EP Sue Loughlin shares advice on how to become a fully fledged animation director.
Following on from yesterday’s article ‘A guide to developing as an illustrator‘, UK Executive Producer Sue Loughlin sheds some light on the path to becoming an animation director as well as sharing some industry insight into the world of animation.
Whats the difference between and animator and an animation director?
An animator is someone who is employed as part of the animation production team to do the actual animation. IE to make the individual drawings or frames move one frame at a time. These animated frames can be drawn either in the traditional way with pencils or in a digital way on a tablet. Animators are employed for their own technical animation skills, depending on the visual style and type of movement required for the project. The style of the actual movement within any animation can vary hugely from project to project and so, like with all craft, animators each have their own particular strengths when it comes to animation styles and so are usually selected based on their individual skillsets, on a project by project basis.
An animation director is the person with the overall vision for the animation project, who makes all of the creative decisions such as; the visual style, the type and speed of movement, timings, carefully selecting the content within each frame, deciding how each individual drawing becomes a series of drawings or a single shot, how those shots are put together on a timeline to become scenes, how each shot begins and ends, deciding on camera movement within and between the shots, then works with the editor to edit the timeline and ultimately decides how the story unfolds one frame at a time.
They will also direct the team of animators to create the style of movement and the timings which will express emotions and communicate the meaning within the project based on their vision. The animation director will direct the team on the project through all stages of the production, post production, grade and sound making the relevant creative decisions along the way.
On a commercial, the animation director will work closely with the agency creative team and will direct the production team to deliver the project which has been commissioned to the highest standards of completion.
In short, an animation director is the person with a personal directorial style, who makes short animated films or commissioned projects, communicates in that style effectively and who can deliver a brief from start to finish, consistently and effectively, who has ideas and knows how to get those ideas made.
Making the leap from illustration to animation / The difference between animated statics and animation.
As an illustrator you will be skilled at creating single images which effectively communicate the meaning within any given brief. To take those single images into animation you have two possible routes to follow.
The first route is to create what is effectively an animated static, where you stay with the main single image and simply add a little movement to selected elements.
The second route is to make the leap into animation, where you will take the brief and create multiple images which will communicate the meaning on a timeline, as a story.
If this is the route for you, there are a few considerations you need to make to decide how you want your story to unfold… What kind of movement/animation will be best for the visual style of your work.
Don’t just go for the obvious, it doesn’t have to be traditional. Do some research, watch animated ‘films’, not just those blockbuster ones, watch short indies, go to some animation festivals, and see if any resonate with you, there are lots of different ways to tell your story effectively.

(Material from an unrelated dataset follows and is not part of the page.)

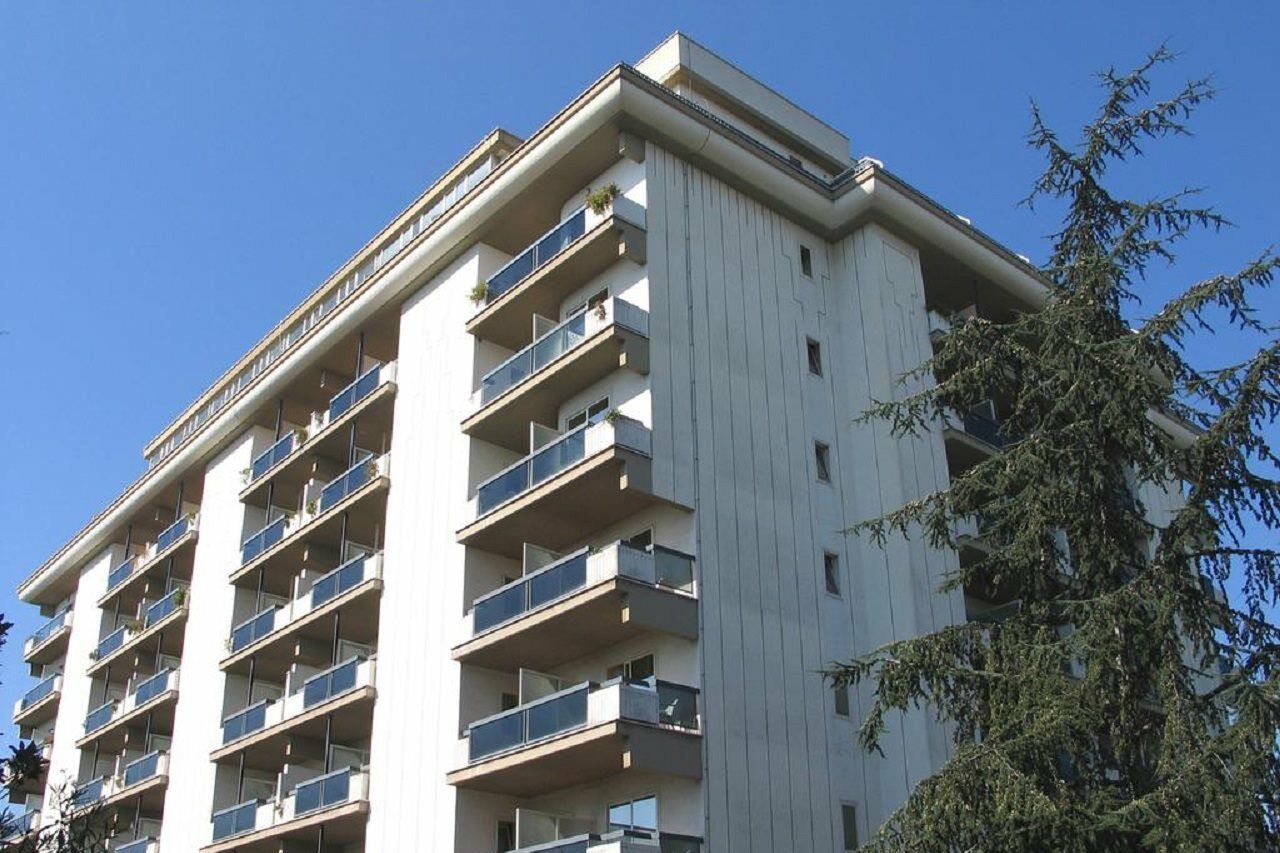 Hotel Pineta Palace Rome Exterior photo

What kind of ‘story’ is it that you are communicating? How will you tell the ‘story’ with multiple images and what order will they appear? How will you get from image to image? How will one image turn into the next? How long will it take for one image to become the next image?
Once you have multiple images and you know what order they will be in, each image can now be called a shot, and you can put those images together onto a timeline, viewing the timeline you can decide on length and timings of each shot, how will each shot move, what will happen within each shot, what is the beginning, middle and end of each shot, how will you get from one shot to the next, will it blend seamlessly or will it be a straight cut?
Once you know these things, your story is beginning to unfold as an animated piece….You then need to make those images move, to fill in the gaps in between, to turn those images into animation.
You will either need to learn to animate or, if your project is commissioned, you will need to select your team of animators who will do the movement for you. You’ll choose those animators based on their skillsets and what kind of animation they do well.
How to develop as an animation director
So, now you know what you want to do, you now need to communicate your intentions with your team, how do you want it to move, what do you want it to do, how long should it take? You need to keep checking progress along the way and if the animation isn’t what you wanted, you need to say why and how it should change to become what you envisage.
And that’s all there is to it!
Of course, it takes time, the key is to be confident in your ideas, to form your own directorial style, to get down and do it, either by personal projects or commissioned work but to be considered for animation projects you will need a body of work to show, a portfolio. It will become a showreel but you will need to do some work on your own to develop a style that makes you stand out from the others.